Closed CharlesAverill closed 4 years ago
Hi @CharlesAverill, sorry for the delay in answering this question. The output shape of the model is [number of characters] x [number of classes]. So each character is assigned something like "street number", or "suburb", etc., and characters of the same class are grouped when generating the final output. By the way, if you make your keras implementation public, let me know; I'd love to take a look at your approach.
@jasonrig
Very basic Keras implementation here: https://github.com/CharlesAverill/Address-Atomization
My public code is usually much cleaner but this went straight to a client. It seems to work pretty well with generated data. If it generates enough interest I'll clean it up and package it for pip use. I really just did the Keras implementation because I find it much easier to understand than anything in TF.
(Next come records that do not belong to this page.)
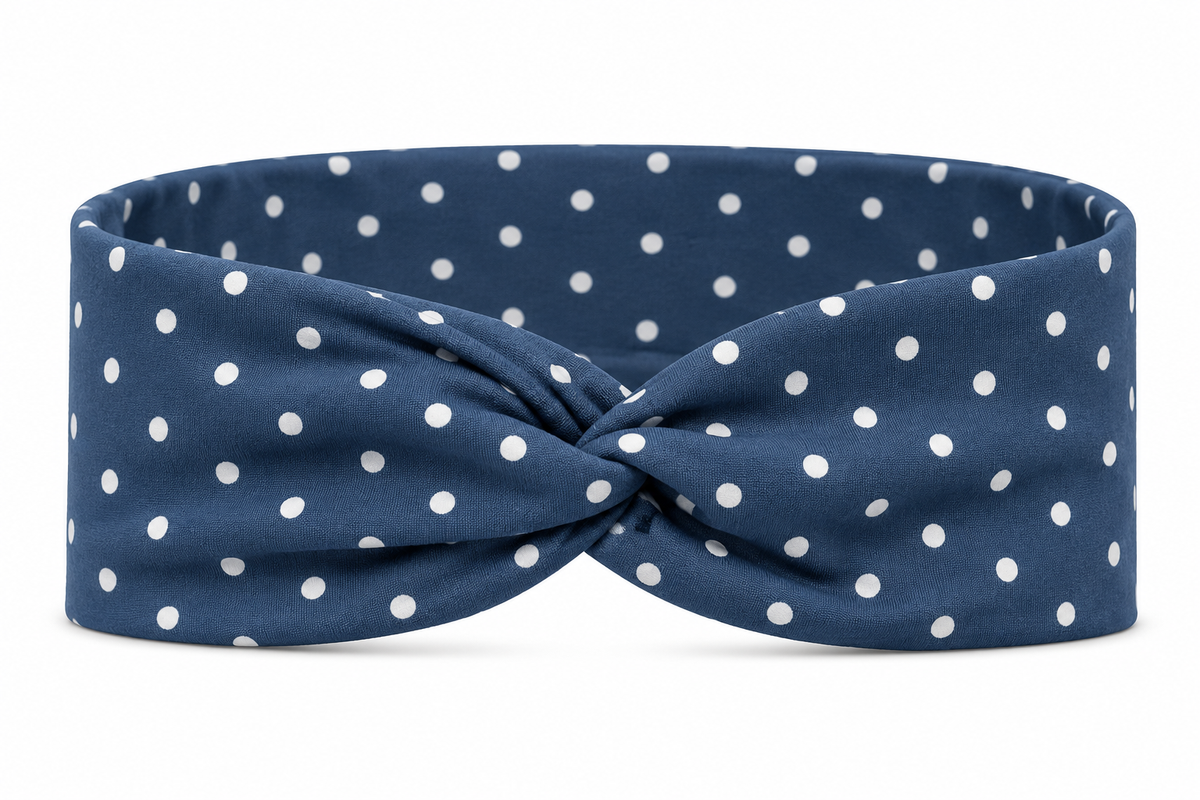 Navy Polka Dots Twist Headband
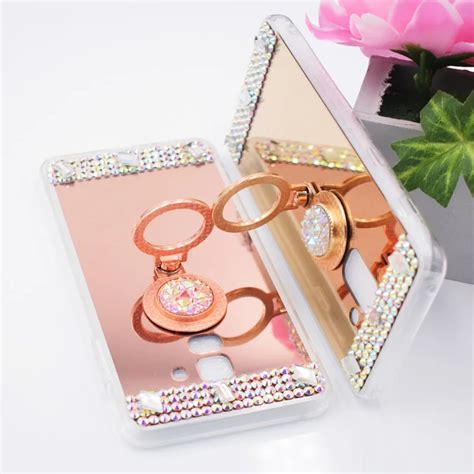 Lady Glitter Bling Diamond Soft Tpu Mirror Ring Holder Cases For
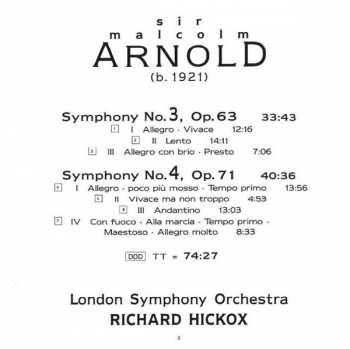 CD Malcolm Arnold: Symphonies No.3 & No.4 313820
@CharlesAverill I ran your code with a simple address set of my own (the address labels are different than what is in the code). It produces a .h5 file and saves to disk. Now how to load and use this model to predict a string of adddress? Can you please help with an example. It will be great. thanks.
@narasimhankrishna I think I still have a loading script (but no promises lol), I’ll commit it tomorrow morning CST
@narasimhankrishna So it looks like I actually don't have my loading script anymore. But I believe it mainly comprised of these lines from the training script:
i = random.randint(0, len(X_test))
p = model.predict(np.array([X_test[i]]))
p = np.argmax(p, axis=-1)
print("{:15} ({:5}): {}".format("Word", "True", "Pred"))
for w, pred in zip(X_test[i], p[0]):
print("{:15}: {}".format(words[w], tags[pred]))
Obviously you'll need to load the .h5, then format the address you'd like to atomize as a numpy array in the same format as your training data. I think you'll also need a words list, which I think should contain any words you expect to see while using the model. Not 100% sure because I haven't seen this code in months. Sorry about that. Good luck!
Thank you for your instant response. I will try as you indicated. best regards
I'm trying to re-implement this in Keras. What's the output shape for this model? Does it output the indeces around text that falls in each category, or something completely different?